To execute and secure financial transactions, or ensure supply chain traceability, many institutions and companies today rely on blockchain, a revered “digital account book”, to develop new products or services. Energy, finance, extractive industries, food ... all these sectors are involved.
But what if the development of this "quick fix" was blocked by regulation? This fear has been expressed for several months by legal experts on the new European regulation on data protection: the famous GDPR. Having taken effect 25 May, it was developed before blockchain became a technological trend within companies. The regulation, therefore, makes no mention of it.
Incompatible by principle ?
However, several blockchain principles conflict with the rights granted by GDPR, especially for blockchains that are public.
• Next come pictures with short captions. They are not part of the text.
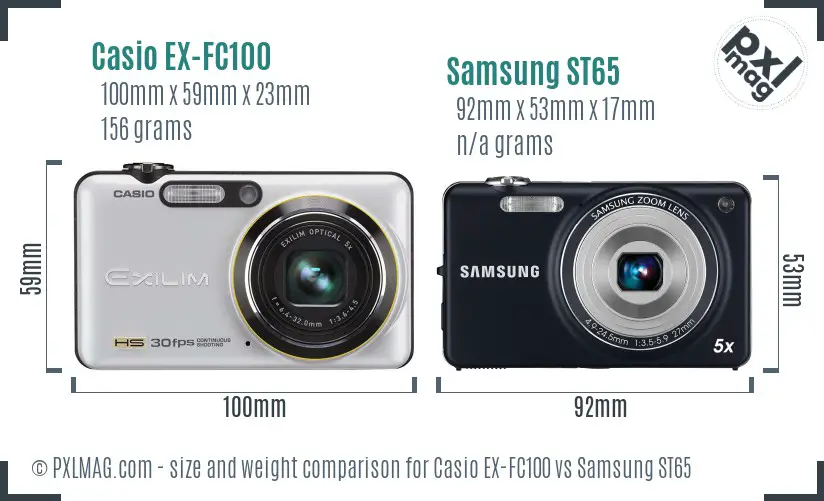 Casio EX-FC100 vs Samsung ST65 size comparison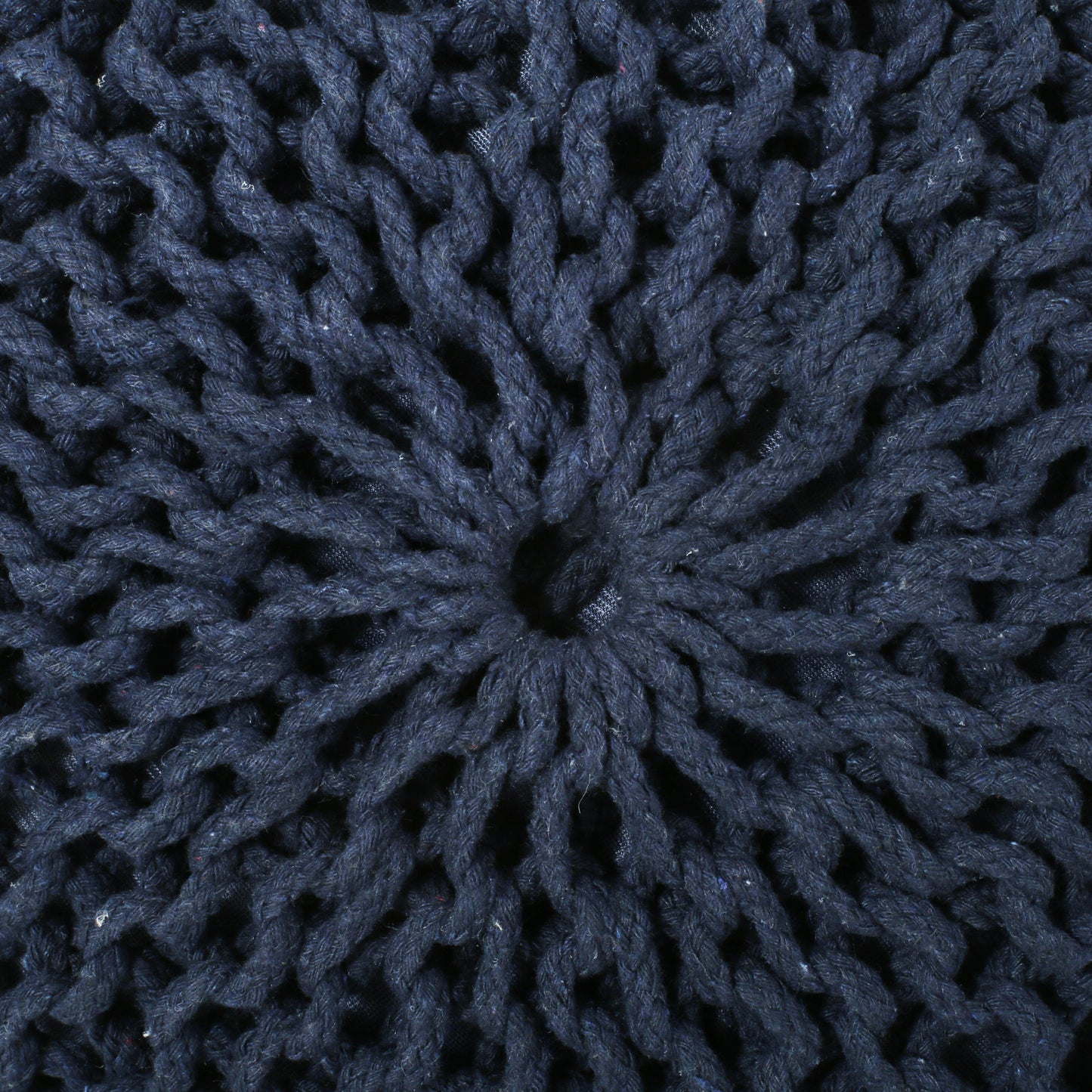 Bordeaux Knitted Cotton Round Pouf, Navy Blue image 5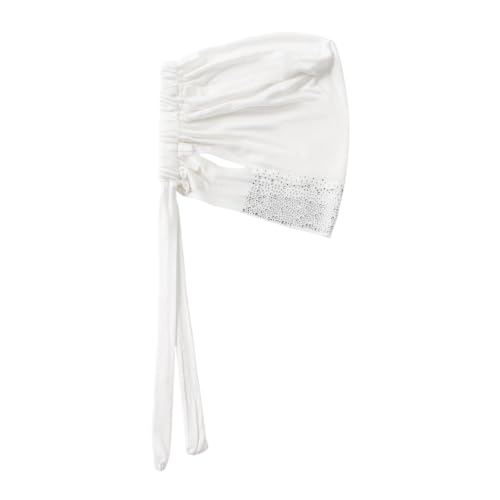 Muslim Hijab Undercap Rhinestone Embellished Turban Head Wrap for Women Jersey Inner Cap with Ear Holes - color: White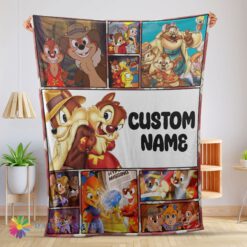 Original Cute Top Disney Cartoon Chip And Dale Family Cute Blanket Fleece Customized Blanket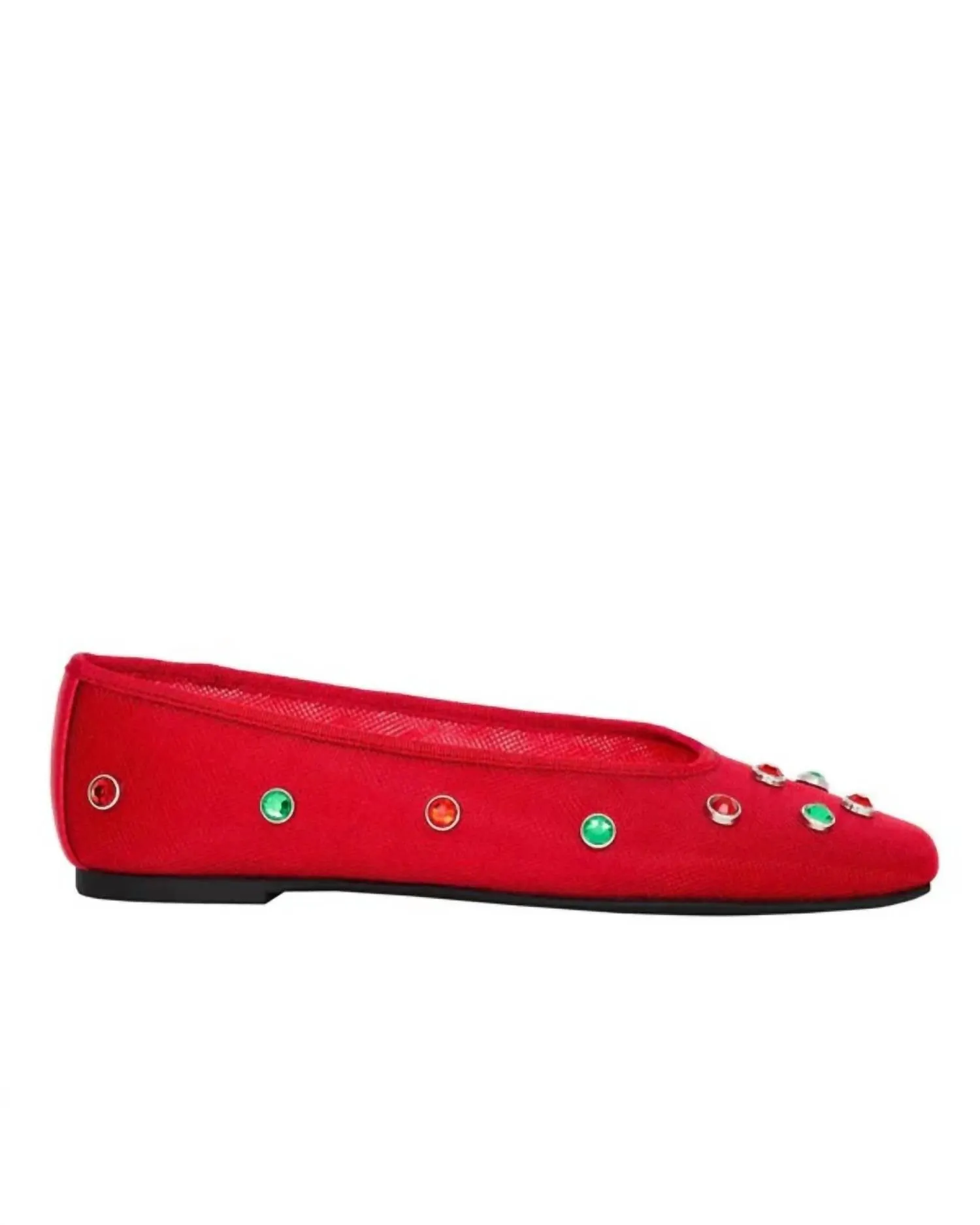 Women's Evie High Crystal Ballet Flats In Bright Red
This is particularly the case for those deemed "original", which is used for bitcoin, for example. It was created to provide a decentralised system that no government or society can control.
Several points can cause issues: the identification of personal data registered in blockchain, the data’s treatment and conservation. Thus, while the complexity, or even the impossibility, of modifying data is one of the major attractions of blockchain, in the context of securing transactions or traceability, this proves to be in contradiction with the European regulation which enforced the right for personal data to be deleted.
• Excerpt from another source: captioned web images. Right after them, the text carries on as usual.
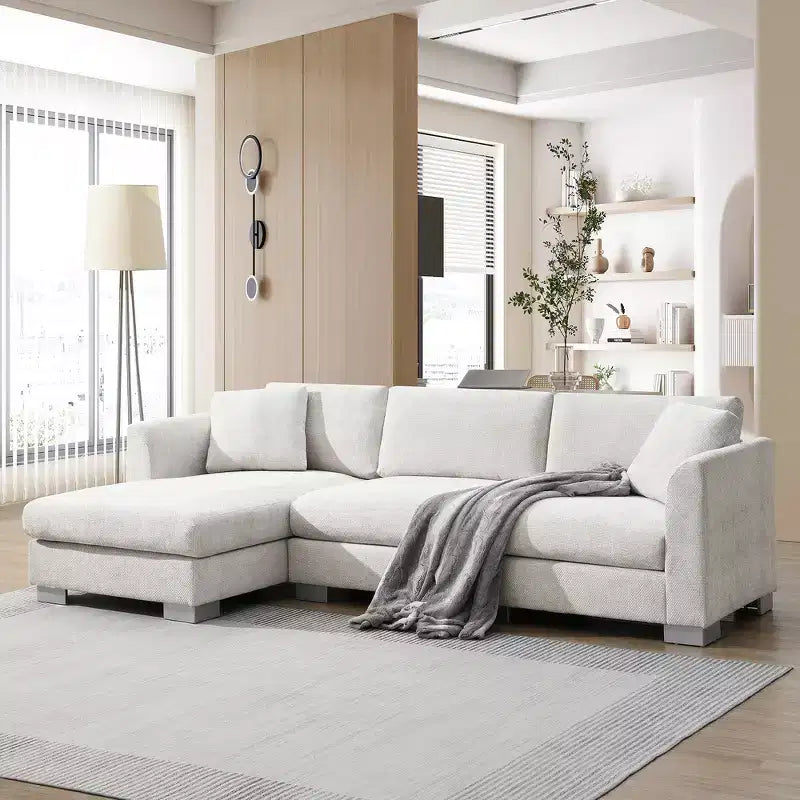 Canapé d'angle surdimensionné Whisen Modern, ensemble de canapé de luxe en forme de L avec méridienne et 2 oreillers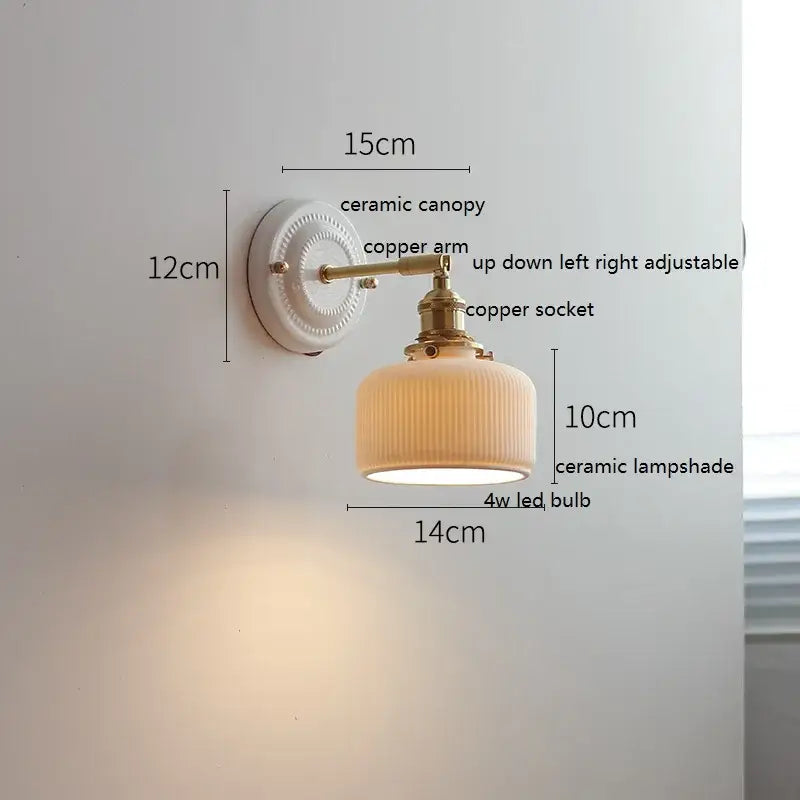 Scalloped glass and led ceramic wall lamp for bedroom copper arm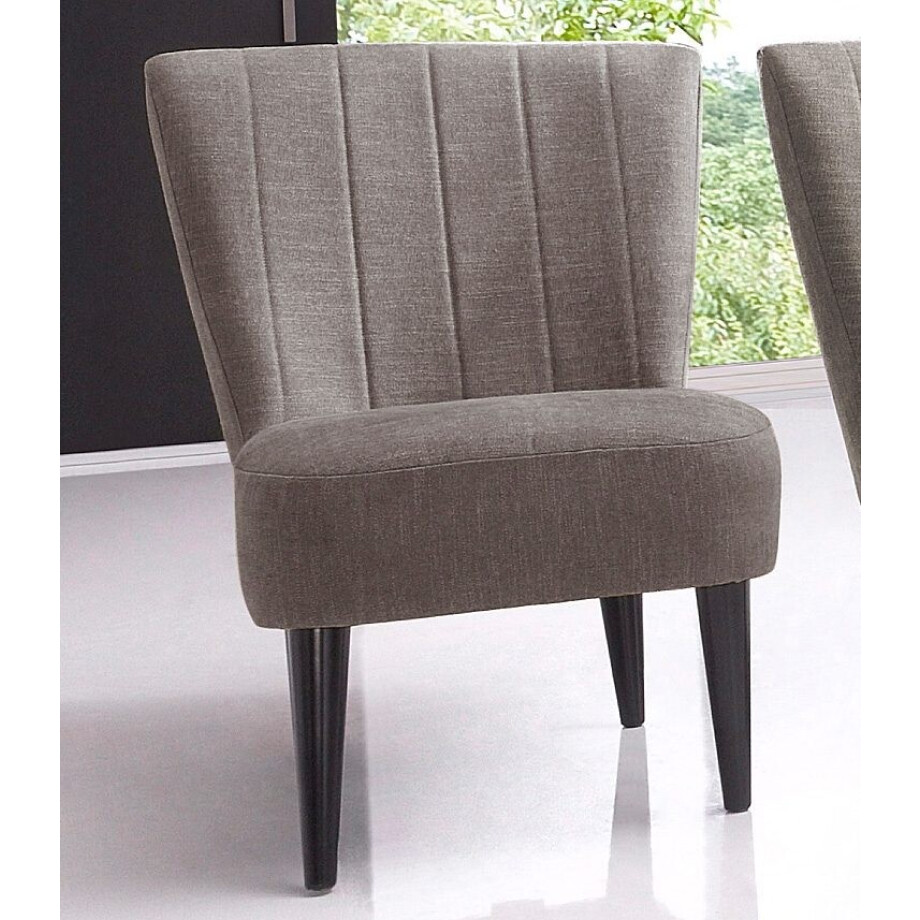 ATLANTIC home collection Cocktailfauteuil JAN met golfvering, massief houten poten afbeelding 1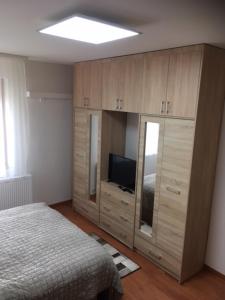 1 dormitorio con 1 cama, TV y armarios de madera en Thaly 5, en Debrecen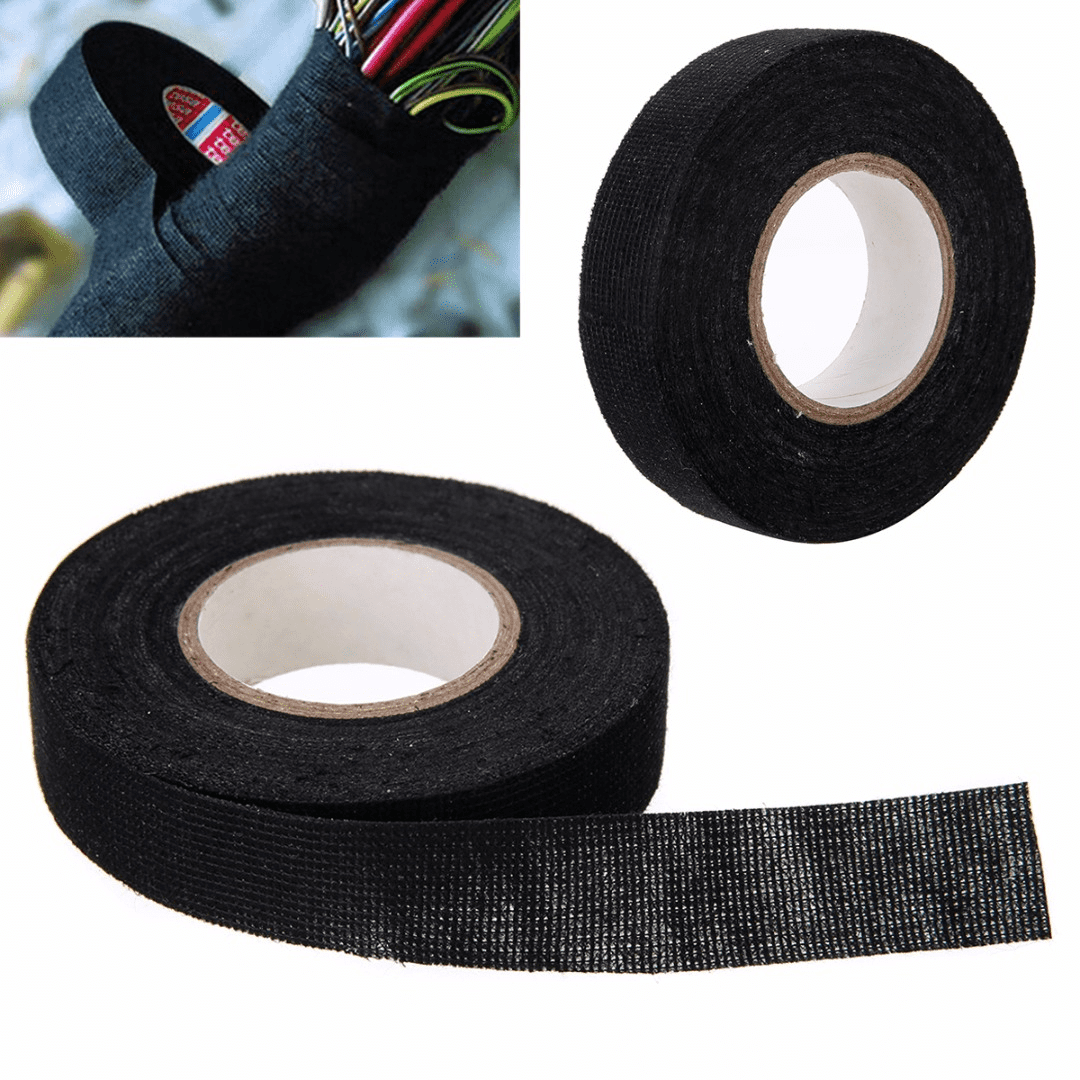 15m x 9mm x 0.3mm Black Adhesive Cloth Fabric Tape Cable Looms Wiring Harness ^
For Anne Toth, Head of Data Policy for the World Economic Forum, blockchain is not "GDRP- compatible" as the regulations exist today.
Several legal experts choose to nuance the subject. For Isabelle Renard, a lawyer at the Paris Bar and engineer, there is "no incompatibility in principle" but rather "a difficulty in application" related to both the complexity of the regulation, the technology and the challenge in garnering consent. "Every solution has to be evaluated in context," she says. In addition, companies can go through private blockchains that are controlled by an administrator and allow them to modify information.
However, the fear is real amongst users. The CNIL, the national French Data Protection Authority, responsible for enforcing the new regulation in France, confirms that it has received numerous requests from public and private institutions. Soon, it will have to give concrete guidelines in order to reconcile both parties.
The stakes are high, at an economic level and in terms of responsible transformation. Blockchain is at the heart of the start-up business, which is attracting investors, such as WPO, which uses the technology for energy transition. It is also tested by firms and large groups to combat child labour in Congolese cobalt mines.